Best Ivory-billed Woodpecker Sighting Yet?

Auburn University researchers are reporting on a single-observer close-range encounter with a female Ivory-billed Woodpecker. Unfortunately, camera failure kept them from getting a photo. The sighting sounds very interesting. Here's hoping for more evidence soon.

7 comments:

CrazyCraig said...

Can't wait to get some details on this latest sighting.

As for the camera flub--turn it on, take off the lens cap, make sure you have film or a memory card in the camera, then hope you have space on the memory card, that you haven't mistakenly set the device to "snow" mode, etc. By then bird is 40 big tupelos away and still flying. Bet the brain print of the viewer(s)is excellent however hard to share it might be.

John B. said...

That sort of situation just begs for having a manual focus film camera as a backup. The equipment is cheap and easily obtained, and the searcher doesn't have to wait for the camera to turn on and the autofocus to settle down and focus on the right thing. Sure, it has its downsides, but so does digital photography.

Anonymous said...

Two points, the first one short, the second one long:

1-Every autofocus SLR I have seen has a simple switch to set the focus to manual. Usually it is labeled "AF-MF".

2-How many times do we have to hear "the autofocus ate my Ivory-bill photo", or, "I had a camera, but I just put it away when the Ivory-bill appeared"? As Yogi Berra is alleged to have said: "It's deja vu all over again"! Here is my accounting of how many times that photo has "just been missed", and of searches by people with cameras:

-1999: James Kullivan reports observing a pair of Ivory-bills in the Pearl River of Louisiana. He has a camera with him (in his backpack), but did not attempt a photograph, fearing to scare the birds.

-2002: A month-long follow-up expedition in the Pearl River by six searchers with cameras and audio equipment, finds nothing.

-2003: Mary Scott gets a great look at an Ivory-bill in Arkansas but happens to have left her video camera on the seat of her car.

-2004-05: Cornell University researchers report seven sightings for 2004-05, but only one ambiguous video is obtained. They apparently had the camera set on auto focus, getting nice, clear shots of their canoe paddles--the putative Ivory-bill in the distance was fuzzy.

-Incidentally, the same Cornell researchers obtain good photos of a Pileated with an abnormal white patch on the wing and of an albino Pileated in the White River, Arkansas area, proving that they do have working cameras.
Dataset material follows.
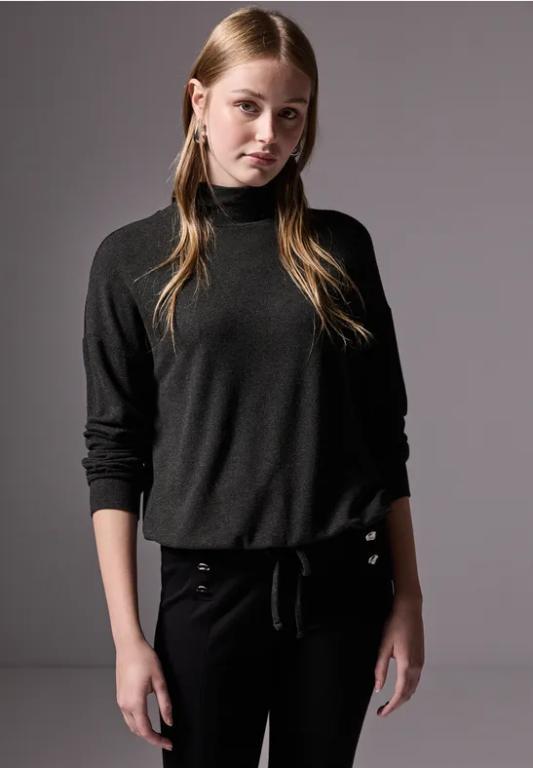 Softes Turtleneck-Shirt in Appenzell - Bild 1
-10 April 2004: one of the Cornell researchers, Ph.D. ornithologist Melinda LaBranche, had just put her video camera into a waterproof bag when an Ivory-bill showed up. See her story here.

2004: Bobby Harrison, one of the authors of the original 2005 paper in Science, is billed as "an award-winning photographer", but he cannot get a photo, despite encountering the Ivory-bill five separate times.

-2005-06: Cornell fields 22 biologists and 112 volunteers, all equipped with hand-held digital video cameras with microphones, in Arkansas. Results are "No definitive or confirmed visual encounters took place during the 2005–06 field season." Meaning: no photos, no video. By my reading, that is 134 observers, say, in teams of two, each with a camera, or only one camera per team--at least sixty-plus cameras for months. Maybe it is actually 134 cameras!

-2005-06: Auburn team reports 14 sightings in Florida, but gets no photographs.

Nobody can get an unambiguous photograph of these large, diurnal birds, present in at least two (three?) states. People have been prowling around in these areas since 1999. What gives?

Anonymous said...

People have been prowling around in these areas since 1999. What gives?

There might be a weird anomaly with the bird's colors and the way they interact with camera lenses.

There is a first time for everything you know.

And nobody has proved that such an anomaly is impossible

Therefore, the IBWO is not extinct, as some have claimed.

/TB-channelling off

Anonymous said...

The Ivory-billed Woodpecker is extinct.

P.M.Tongier

Anonymous said...

Nature Photography Step One:

Pick a subject that actually exists. There are more than a million described species to choose from.

Anonymous said...

well, i read the article on national geographic not long ago. so, another ivory-billed woodpecker sighting? let's hope there is a clear photographic evidence or video footage....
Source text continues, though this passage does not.